12. After the aforesaid evidence is eliminated, there remains the evidence u/s 27 of the Evidence Act relating to the wearing apparels of the accused and the deceased and the blanket (bed-sheet), etc. Though "O" group blood was found in such articles, from that circumstance alone it cannot be proved that accused-Deepak is the author of the murder. Prosecution has not alleged that the other accused persons or any of them had anything to do with the death of the deceased. Therefore, as rightly argued at the Bar, this circumstance alone is deficient to prove the charge under Sections 302 and Sections 201/34 IPC.

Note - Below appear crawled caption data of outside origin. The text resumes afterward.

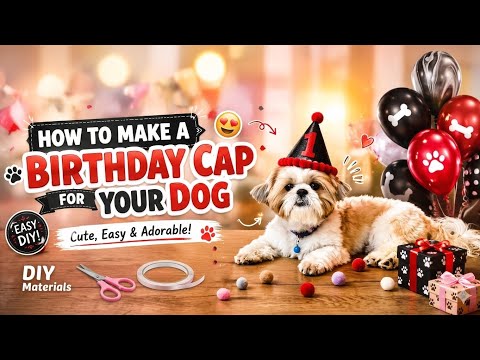 How to make birthday cap for you dogs 🥳🐶 || SIMPLE &  Easy #itsmemilo #diy #craft #dogs #yt #shihtzu
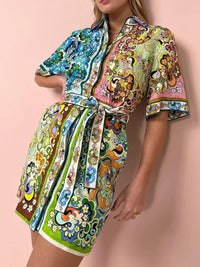 May | Boho Mini Sundress Belted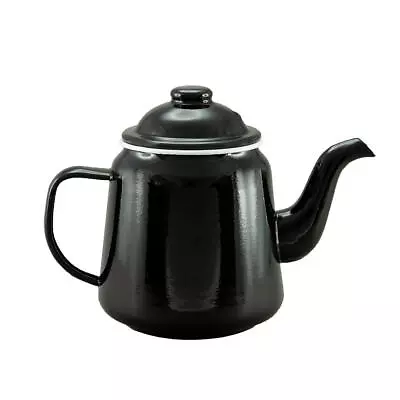 Country Vintage Style Falcon Enamel Black With White Trim Teapot 950ml • £34.44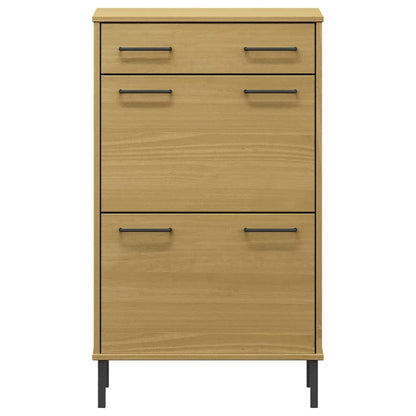 Scarpiera con Gambe Metallo Marrone Legno Massello di Pino OSLO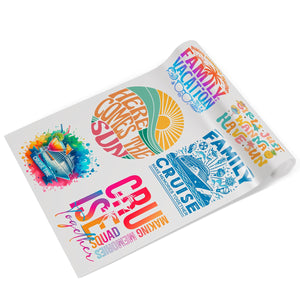 Vacation & Cruise Premade DTF Gang Sheet: Family Vacation Sun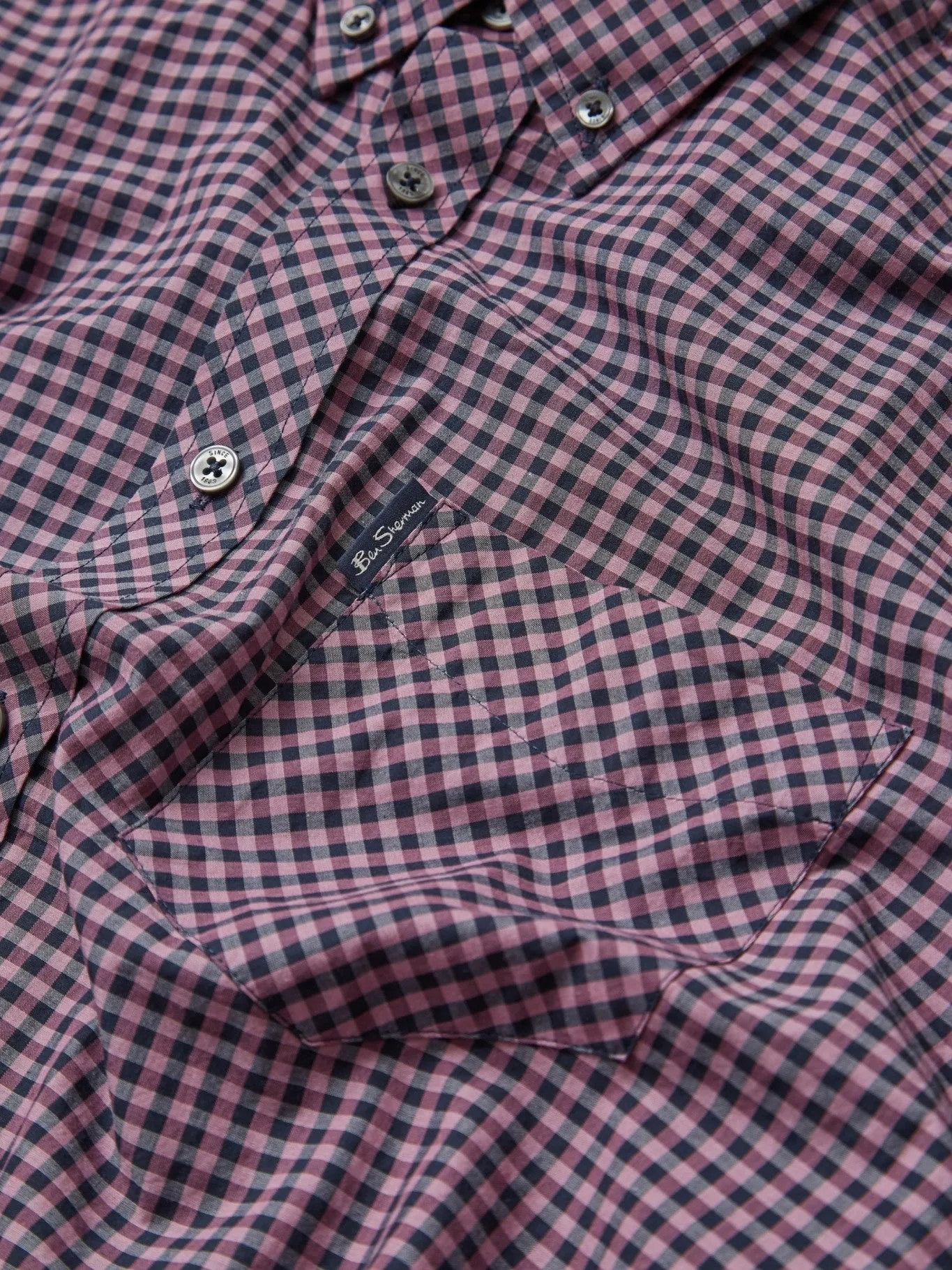 Ben Sherman Mens Gingham Check Shirt - Long Sleeved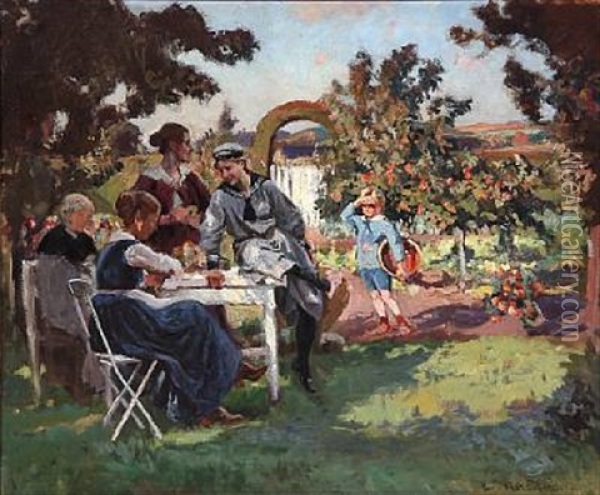 Summer Day In A Garden With A Family Oil Painting - Viggo Pedersen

13. There is no quarrel between the prosecution and the defence on the settled principle of law that evidentiary value of each of the circumstantial evidence should be considered independently and also conjointly and in that process if the circumstances emerging from such evidence unfailingly points out to the guilt of the accused then such circumstantial evidence should be accepted as against the accused. On the other hand, if such circumstantial evidence has loopholes or missing links then by surmises or presumption the missing links should not be filled up. In this case, from the aforesaid discussions, we find that there are missing links and such void positions have not been filled up by any direct or circumstantial evidence. Therefore, we find that prosecution has not been able to prove the charges beyond all reasonable doubt. Thus, we grant the benefit of doubt to the accused persons and accordingly set aside the order of conviction and the sentence imposed thereunder.

14. It is stated at the Bar that accused-Mangala '' Mangulu Pradhan and Magadalu Srinivas Kumar are in court bail. In view of the aforesaid order of acquittal, the bail bonds are discharged. Accused-Deepak Kumar Patro '' Dipu is said to be in the jail custody. In view of the order of acquittal, he be set at liberty forthwith if his detention is not required in connection with any other criminal case.